The recent report listed several broad recommendations that called for more research into reducing "algorithmic discrimination" against low-income and other communities as well as greater study in the auditing and testing of big data systems. Not only should these systems be more accountable and fairer to consumers, but companies and organizations that use the technology to make decisions about consumers also should be held accountable, the report said. It added that more collaboration is needed among computer and social scientists, among others, and that new standards are needed within the private sector and in the government.
Challenges in each sector will be different and New agreed that more research is needed. "The world is already permeated with human bias whether it's subjective or overt and now that we can collect all this data and put it to good use it's the first opportunity ... that we can kind of push that back," he said. "There will be hiccups along the way, but the only way we can do that is with a lot of data and really, really robust tools to do so." He said the White House's recent announcement it will hold workshops on artificial intelligence and machine learning (see 1605030058) could be another step in advancing the research and thinking in this field.

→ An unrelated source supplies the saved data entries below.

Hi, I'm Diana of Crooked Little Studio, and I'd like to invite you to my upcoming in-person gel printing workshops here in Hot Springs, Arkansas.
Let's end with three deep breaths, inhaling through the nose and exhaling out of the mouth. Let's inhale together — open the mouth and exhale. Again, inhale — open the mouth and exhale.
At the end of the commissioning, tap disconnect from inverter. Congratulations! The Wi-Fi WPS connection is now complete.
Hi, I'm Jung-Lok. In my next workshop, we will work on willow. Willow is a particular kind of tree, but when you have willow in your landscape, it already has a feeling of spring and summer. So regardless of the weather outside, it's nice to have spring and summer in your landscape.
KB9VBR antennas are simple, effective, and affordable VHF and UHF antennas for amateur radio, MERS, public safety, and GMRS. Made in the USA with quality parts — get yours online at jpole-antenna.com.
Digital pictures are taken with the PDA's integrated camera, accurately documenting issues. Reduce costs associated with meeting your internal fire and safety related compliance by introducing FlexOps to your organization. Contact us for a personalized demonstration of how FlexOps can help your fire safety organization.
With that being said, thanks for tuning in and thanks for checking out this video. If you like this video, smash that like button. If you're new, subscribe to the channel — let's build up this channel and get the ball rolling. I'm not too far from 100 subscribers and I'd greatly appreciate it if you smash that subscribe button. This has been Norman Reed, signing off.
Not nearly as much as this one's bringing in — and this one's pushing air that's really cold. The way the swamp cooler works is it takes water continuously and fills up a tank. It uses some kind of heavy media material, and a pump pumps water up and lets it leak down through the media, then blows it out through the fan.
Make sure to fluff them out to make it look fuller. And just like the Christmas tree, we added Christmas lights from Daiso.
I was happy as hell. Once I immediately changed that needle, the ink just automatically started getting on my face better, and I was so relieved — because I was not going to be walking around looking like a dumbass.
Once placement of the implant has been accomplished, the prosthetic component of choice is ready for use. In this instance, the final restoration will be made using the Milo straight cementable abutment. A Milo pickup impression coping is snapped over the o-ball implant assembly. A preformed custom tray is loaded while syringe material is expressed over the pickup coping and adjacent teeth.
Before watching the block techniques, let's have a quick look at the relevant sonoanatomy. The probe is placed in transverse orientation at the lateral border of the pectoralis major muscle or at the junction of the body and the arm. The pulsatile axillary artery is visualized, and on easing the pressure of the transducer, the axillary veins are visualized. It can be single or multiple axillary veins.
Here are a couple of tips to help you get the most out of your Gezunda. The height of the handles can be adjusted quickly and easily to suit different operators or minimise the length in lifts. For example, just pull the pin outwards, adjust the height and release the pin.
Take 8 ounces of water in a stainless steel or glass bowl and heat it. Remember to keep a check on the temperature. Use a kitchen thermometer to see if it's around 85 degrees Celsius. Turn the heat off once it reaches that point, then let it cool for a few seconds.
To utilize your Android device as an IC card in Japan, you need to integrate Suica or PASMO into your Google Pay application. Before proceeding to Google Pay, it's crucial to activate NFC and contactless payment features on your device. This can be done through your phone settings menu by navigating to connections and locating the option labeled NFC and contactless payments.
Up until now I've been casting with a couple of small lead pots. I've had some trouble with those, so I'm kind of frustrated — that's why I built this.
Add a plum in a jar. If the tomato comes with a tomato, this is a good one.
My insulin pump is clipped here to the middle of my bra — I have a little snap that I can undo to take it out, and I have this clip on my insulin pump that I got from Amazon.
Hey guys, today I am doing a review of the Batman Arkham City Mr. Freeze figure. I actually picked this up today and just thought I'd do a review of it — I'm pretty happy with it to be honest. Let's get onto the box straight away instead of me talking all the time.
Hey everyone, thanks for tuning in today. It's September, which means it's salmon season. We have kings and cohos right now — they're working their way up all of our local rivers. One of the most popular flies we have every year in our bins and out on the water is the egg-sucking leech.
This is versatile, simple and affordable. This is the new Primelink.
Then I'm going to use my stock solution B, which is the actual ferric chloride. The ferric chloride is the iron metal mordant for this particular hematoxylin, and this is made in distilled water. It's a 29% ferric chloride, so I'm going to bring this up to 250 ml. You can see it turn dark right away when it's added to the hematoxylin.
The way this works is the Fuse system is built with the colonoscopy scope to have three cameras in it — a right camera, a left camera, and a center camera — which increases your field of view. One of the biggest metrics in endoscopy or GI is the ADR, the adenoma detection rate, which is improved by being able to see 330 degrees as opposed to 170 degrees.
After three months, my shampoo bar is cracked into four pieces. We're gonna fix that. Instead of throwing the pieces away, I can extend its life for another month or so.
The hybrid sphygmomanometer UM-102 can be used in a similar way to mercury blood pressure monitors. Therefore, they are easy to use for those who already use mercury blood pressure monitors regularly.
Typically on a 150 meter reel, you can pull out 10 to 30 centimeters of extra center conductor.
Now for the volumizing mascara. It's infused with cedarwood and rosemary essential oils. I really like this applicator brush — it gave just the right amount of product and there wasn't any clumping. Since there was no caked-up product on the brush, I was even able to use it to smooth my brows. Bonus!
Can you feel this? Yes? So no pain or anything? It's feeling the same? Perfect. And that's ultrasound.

The report provided case studies on the opportunities and shortcomings in using credit lending, employment, higher education and criminal justice. For instance, the report said companies could cast a wider net to collect more information about consumers with "thin files," meaning they have too little credit history for an algorithm to generate a credit score. Some companies could look at data from phone bills, public records, previous addresses, educational background and tax records that could be useful in assessing credit risk, the report said. It said other companies could tap "less conventional sources" such as cellphone location data, social media platforms, buying preferences from online shopping histories "and even the speeds at which applicants scroll through personal finance websites."
While companies could use a tool to expand credit access to an underserved population, that same tool could be used to "reinforce disparities" and consumers may not be able to dispute such outcomes, the report said. "When such decisions are made within computationally-driven 'black box' systems, traditional notions of transparency may fail to fully capture and disclose the information consumers need to understand the basis of such decisions and the role that various data played in determining their credit eligibility."
World Privacy Forum Executive Director Pam Dixon said her group issued a 2014 report about predictive consumer scoring and algorithmic discrimination, and over the past two years has been digging into usage of big data across various sectors and found unfairness, and that's what the government needs to do as well. “We need to look for very specific instances of problematic uses and really, really go after how those can be fixed,“ she said, especially around academic admissions processes, use of marketing, and alternative data for any kind of consumer scoring in the financial and healthcare sectors.
It's unlikely Congress would act on the concerns that the report raises especially during a presidential election year, but Dixon said it's good to have such ideas documented. "What really speaks to me about the White House recommendations is the ability for people to correct the records and have access to the records," she said. "If you look at marketing data about people there is a lot of inaccuracy in the data and the [industry] argument to date has been, it’s just marketing and it’s not being used for eligibility. And what I have to say is we are in the post-eligibility era. And marketing data is being used for quasi-eligibility decisions and meaningful marketplace decisions that really impact people’s lives."